Mots maudits, dit-on

Publié le 02 février 2008 par Lemoutondissident

"Ceux qui écrivent ont un problème avec la langue", dit un jour un écrivain connu à un collègue (que je remercie réciproquement pour m'avoir cité quelque part). Même s'il n'implique pas que tous ceux qui ont eu - et conservent - des difficultés d'élocution, d'inversion des mots ou de bégaiement, comme  Modiano,  soient des graines de Modiano, ce constat me donne une raison d'espérer.
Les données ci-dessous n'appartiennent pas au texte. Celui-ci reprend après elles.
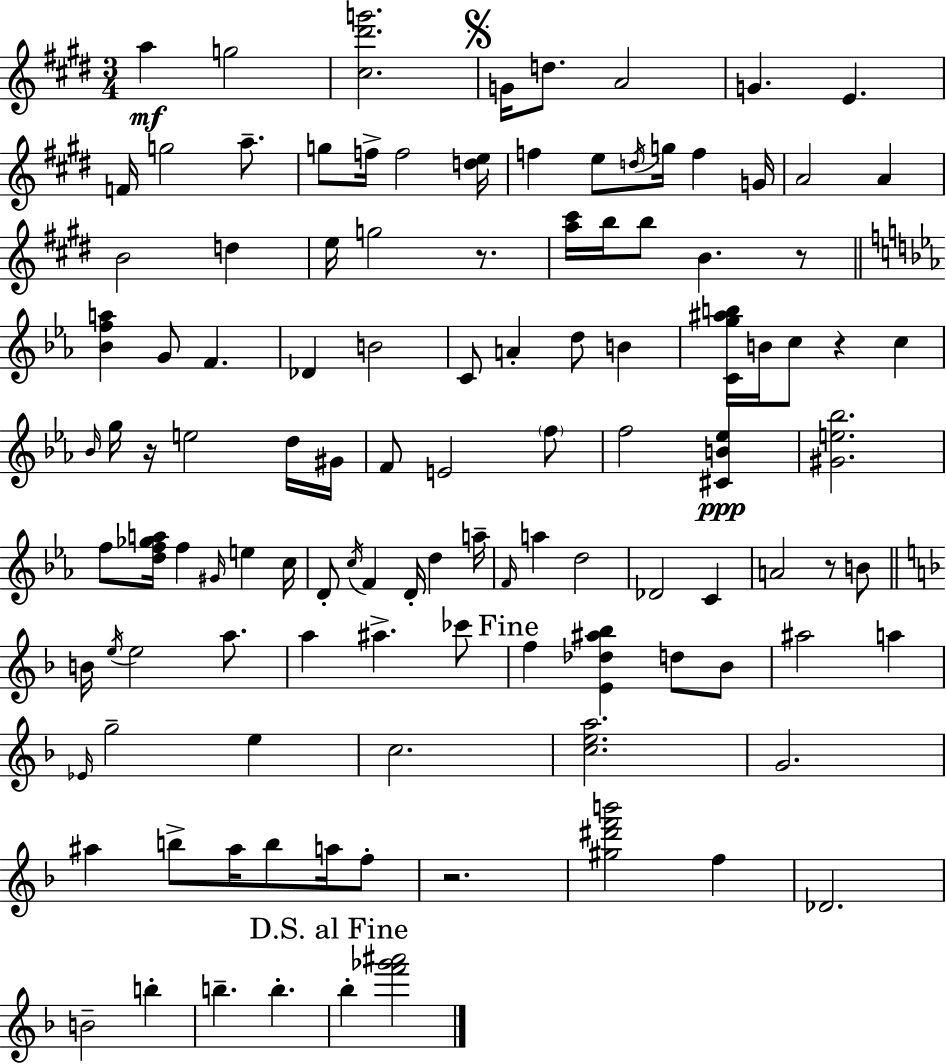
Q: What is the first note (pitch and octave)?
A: A5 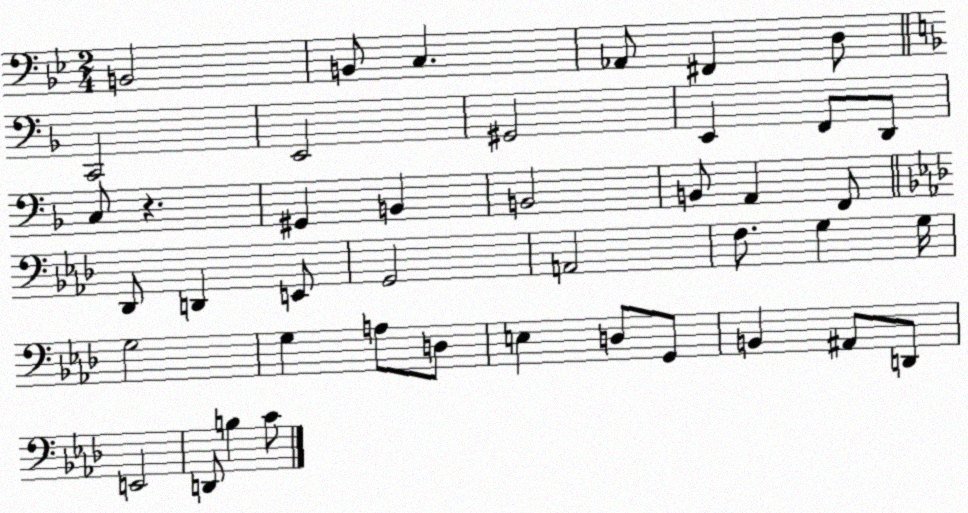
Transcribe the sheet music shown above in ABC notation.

X:1
T:Untitled
M:2/4
L:1/4
K:Bb
B,,2 B,,/2 C, _A,,/2 ^F,, D,/2 C,,2 E,,2 ^G,,2 E,, F,,/2 D,,/2 C,/2 z ^G,, B,, B,,2 B,,/2 A,, F,,/2 _D,,/2 D,, E,,/2 G,,2 A,,2 F,/2 G, G,/4 G,2 G, A,/2 D,/2 E, D,/2 G,,/2 B,, ^A,,/2 D,,/2 E,,2 D,,/2 B, C/2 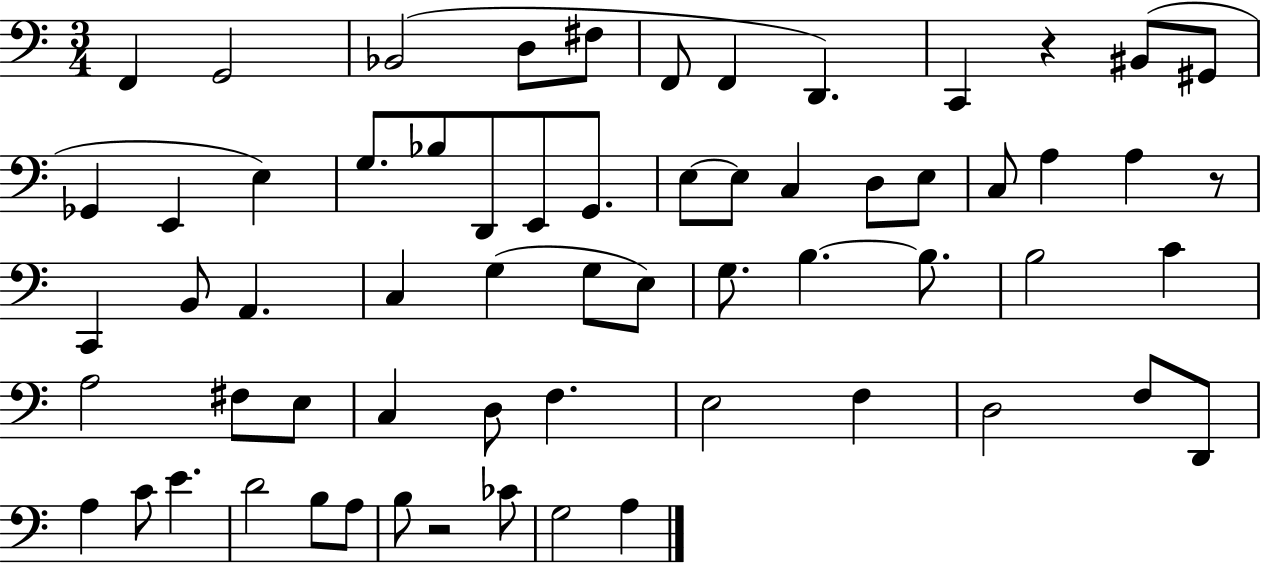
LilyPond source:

{
  \clef bass
  \numericTimeSignature
  \time 3/4
  \key c \major
  \repeat volta 2 { f,4 g,2 | bes,2( d8 fis8 | f,8 f,4 d,4.) | c,4 r4 bis,8( gis,8 | \break ges,4 e,4 e4) | g8. bes8 d,8 e,8 g,8. | e8~~ e8 c4 d8 e8 | c8 a4 a4 r8 | \break c,4 b,8 a,4. | c4 g4( g8 e8) | g8. b4.~~ b8. | b2 c'4 | \break a2 fis8 e8 | c4 d8 f4. | e2 f4 | d2 f8 d,8 | \break a4 c'8 e'4. | d'2 b8 a8 | b8 r2 ces'8 | g2 a4 | \break } \bar "|."
}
Répétitions, bafouillages, confusions verbales, j'entraîne mes désarticulations avec moi,  depuis des années, et tente de vaincre ce fameux dogme d'élève de terminale : pas de pensée cohérente sans langage cohérent. (Ou alors je n'ai de langage qu'un langage écrit.)

Récemment, je m'amusais avec un ami grec à tenter de prononcer le mot le plus bête de sa langue: "non". Je n`y suis arrivé que par inadvertance (au bout d'une heure au moins). C'est un peu pénible, quand même. Ma sympathie va à François Bayrou, malgré ses grandes oreilles.

La souris vous le dira, j'aime bien borborygmer: je me fais parfois comprendre plus vite. L'écrit est alors comme une pente de neige fraîche - crevasses ôtées à la vue.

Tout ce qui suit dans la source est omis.